Cities under siege
Guernica remains one of the most potent depictions of the true horror of war. As the world
As the United States and Britain prepare to go to war against a madman, it is wise to remember another time when much of the world was in crisis, a time when people everywhere also eyed with deep suspicion a dark-moustached dictator who appeared bent on terror, death and dominion.
Fully three years prior to his 1939 invasion of Poland, Adolf Hitler had sent planes, tanks and troops into Spain in support of the Spanish generals, led by Francisco Franco, who were attempting to overthrow that country's popularly elected government. In January 1937, Hitler personally had warned the citizens of Spain's Basque region that they should end their resistance to the generals or face annihilation. Then, on 26 April of that year, in the late afternoon of a busy market day in the town of Guernica - home of the sacred oak tree beneath which Basque leaders and Castilian monarchs had sworn for centuries to uphold democratic rights - Hitler's Luftwaffe began a relentless bombing and machine-gunning of businesses, homes and innocent inhabitants. Three and a half hours later, the village lay in ruin, its population decimated.
Hitler's act of terror and unspeakable cruelty - the first intentional, large-scale attack against a non-military target in modern warfare - outraged hundreds of thousands of people who previously had simply observed the machinations of the German leader with apprehension. Immediate condemnations were expressed around the world, yet not a single government was moved to change its policies toward Germany or come to the aid of the embattled Spanish Republic. The boldest reaction to the bombing, in fact, came when Pablo Picasso, at that time a Spanish expatriate living in Paris, responded with artistic fury. Reacting almost immediately to the devastation in his homeland, he began work on a massive canvas that would become his testament in opposition to the horrors of war, a mural that is widely regarded as the most important artwork of the bloody 20th century.
Although Picasso had read numerous newspaper accounts detailing the destruction of Guernica, not once did he experiment with images of airplanes, bombs or exploding buildings as he began to sketch. He had not been truly interested in any sort of visual documentation since before the turn of the century, regardless of its subject. More importantly, Picasso found himself interested not so much in what the bombing and burning of Guernica meant politically, but rather what they meant in metaphor, what they meant in the context of individual human lives. He wanted to address emotively the destruction of his beloved country, and he already possessed a personal visual language with which to do so, one anchored in the violence, suffering, and passion of the bullring, as well as in the centuries-old Spanish belief in the essential tragedy of life, one embodied by the fig-ure of a grieving woman, La Llorona.

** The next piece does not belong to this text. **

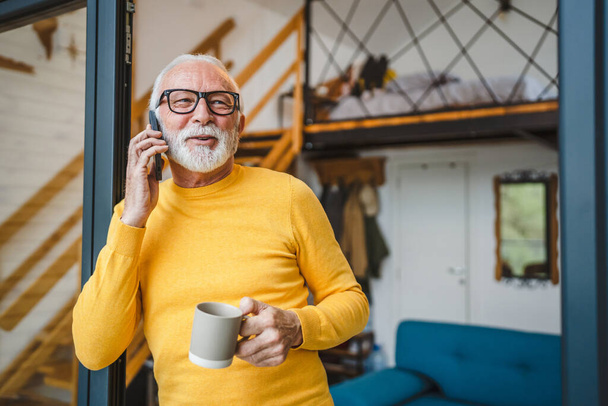 One man senior caucasian male with gray beard stand on balcony at door in day happy smile use mobile smart phone to make a call talk copy space hold cup of coffee morning daily routine - 写真・画像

Guernica's visual imagery - a screaming horse which had fallen, pierced by a lance; a wailing woman holding a dead child in her arms; another woman, her clothes on fire, attempting to escape from a burning building; the severed head of a soldier - spoke not specifically to a terrible day in Spain. Rather, it spoke to the horrors that humans have visited on each other for millennia, and because of this the painting began to symbolise the reality of every war remarkably soon after its creation. And in the ensuing half-century, Guernica has become for people around the world visceral, visual evidence of the true nature of war, a perspective very unlike the heroic and optimistic one so often presented by politicians who have never seen war close at hand.

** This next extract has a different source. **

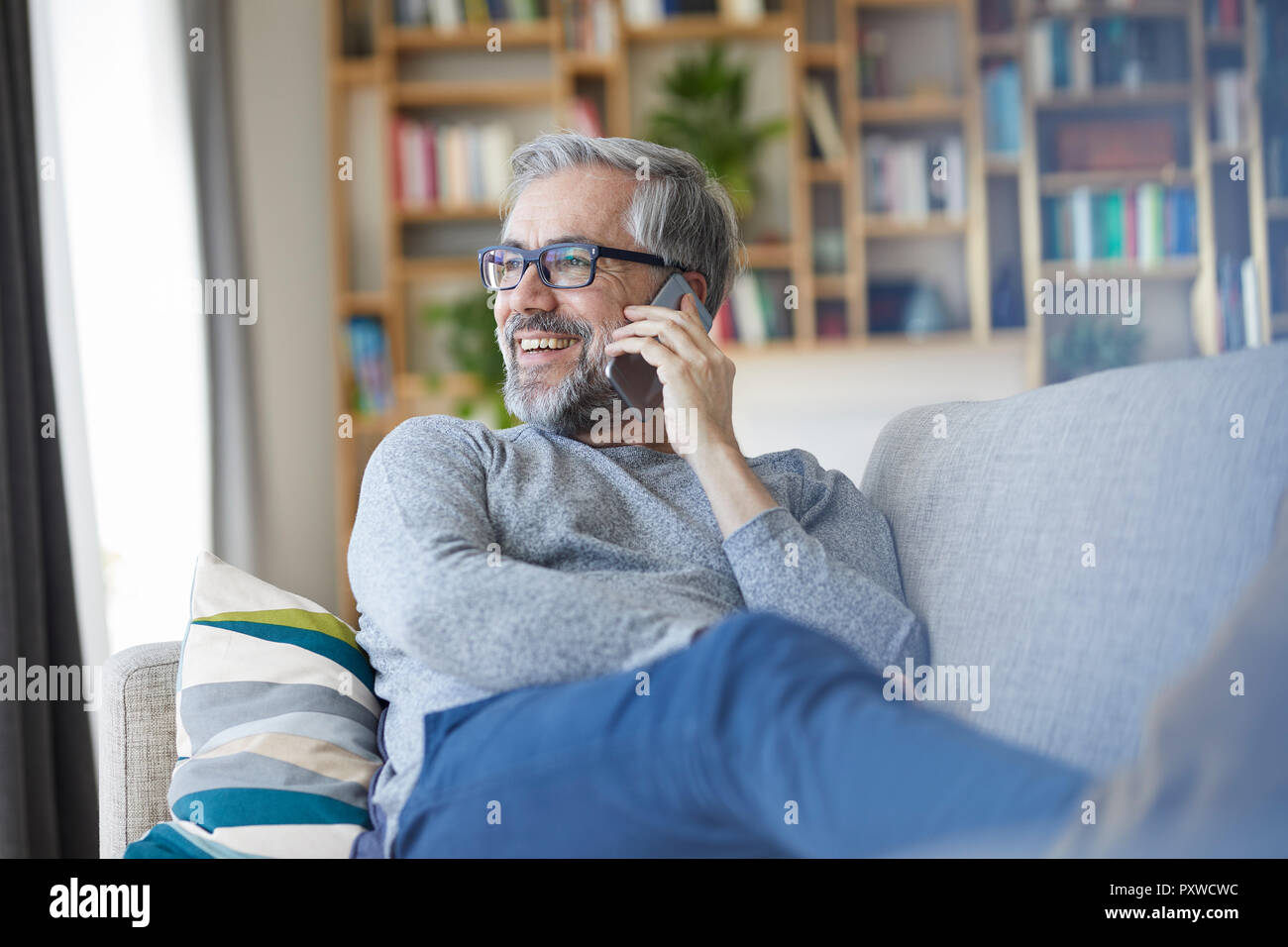 Mature man on the phone sitting on couch at home looking out of window Stock Photo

I was in Madrid on 11 September 2001, observing Guernica and researching its history for a book, when, across the Atlantic - and as had occurred in the town of Guernica 64 years before - the city of New York fell under an utterly new kind of warfare. In both instances, the targets were symbolic; the aim of both attacks was to incite terror from out of the otherwise sheltering sky, and to destroy thousands of people who had no idea of their supposed crimes. In New York, as had happened long ago in Guernica, barbarity and senselessness took hold.

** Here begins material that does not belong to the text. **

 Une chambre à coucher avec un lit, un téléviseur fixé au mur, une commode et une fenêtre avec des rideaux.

In the following days, people throughout Spain drew my attention to the similarities between the two attacks, and in the town of Guernica, a soft-spoken city attorney observed: "Although we have no skyscrapers in Guernica, now we are a brother city to New York." The outpouring of grief in Spain over the 11 September attacks was widespread and deeply moving. Yet, in only a year, that compassion over the loss of innocent American lives has been largely replaced in the Basque country and the rest of Spain - indeed, throughout much of the world - by huge apprehension about the naivety of America's anti-terrorism goals and its cowboy approach to achieving them. And the painting Guernica, long a potent symbol of opposition to war and violence around the globe, already seems less immediately reflective of that unimaginable morning in New York little more than year ago than it is of what soon may occur in Iraq.
In the aftermath of 11 September, and in his prickly, lone-eagle impatience with the UN's global approach to disarming Saddam Hussein, George W Bush leads a US administration that appears to observers in other nations to be belligerent, utterly uninterested in dissenting perspectives and determined to make war at any price. Further emboldened by the steadfast support of Tony Blair, it may be that as Bush plans for a pre-emptive war against Iraq he has carefully considered the different course history might have taken if Hitler had been stopped 65 years ago as he entered Spain and fought to destroy democracy.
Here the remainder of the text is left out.